Russia's MCST Elbrus microprocessors made a splash last year, but it takes a lot mot than a microprocessor to develop a completely self-sufficient computing platform. Among other things such nationally-oriented platforms need is a proprietary SSD controller, and apparently server maker Kraftway has developed one and demonstrated it at a conference this week. The chip will enable building encrypted SSDs featuring a proprietary encryption technology.
The Kraftway K1942BK018 is an Arm Cortex-R5-based NVMe 1.2.1-compliant controller with eight NAND channels that supports up to 2TB of flash memory as well as up to 2GB of DDR3 SDRAM cache. The chip features an ONFI 200MHz interface and is compatible with NAND chips produced by Micron and Toshiba and then packaged in Russia by GS Nanotech. The controller connects to the host using a PCIe 2.0 x4 interface and enables building SSDs in an HHHL or U.2 form-factor. The chip is made using TSMC's 40 nm process technology and comes in a BGA676 package. The developer claims that it consumes from 3.5W to 4W under load.
The manufacturer claims that the drives powered by the new controller will deliver an up to 828 MB/s read speed as well as an up to 659 MB/s read speed.
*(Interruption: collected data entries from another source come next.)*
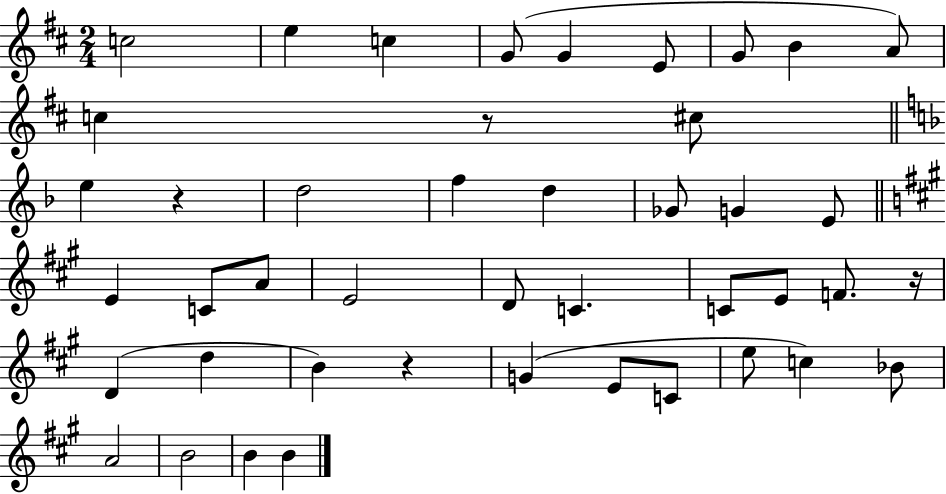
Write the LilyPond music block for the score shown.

{
  \clef treble
  \numericTimeSignature
  \time 2/4
  \key d \major
  c''2 | e''4 c''4 | g'8( g'4 e'8 | g'8 b'4 a'8) | \break c''4 r8 cis''8 | \bar "||" \break \key f \major e''4 r4 | d''2 | f''4 d''4 | ges'8 g'4 e'8 | \break \bar "||" \break \key a \major e'4 c'8 a'8 | e'2 | d'8 c'4. | c'8 e'8 f'8. r16 | \break d'4( d''4 | b'4) r4 | g'4( e'8 c'8 | e''8 c''4) bes'8 | \break a'2 | b'2 | b'4 b'4 | \bar "|."
}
Surprisingly, the Kraftway K1942BK018 supports a rather outdated BCH 96-bit/1K ECC technology, which means that it may not support all modern types of 3D NAND.
The key feature of the Kraftway K1942BK018 is that it was fully developed in Russia and uses proprietary management algorithms as well as cryptography standards. The primary customers that will use the controller are various government agencies, the ministry of defense, state-controlled companies and other entities interested in maximum security and proprietary algorithms.
Kraftway plans to produce 10,000 SSDs based on its K1942BK018 controller in the coming months in a bid to use them with its PCs aimed at those markets.
Interestingly, but in addition to the Arm Cortex-R5-based K1942BK018 controller there are also two RISC-V-based SSD and USB drive controllers designed in Russia and based on cores developed in Saint Petersburg.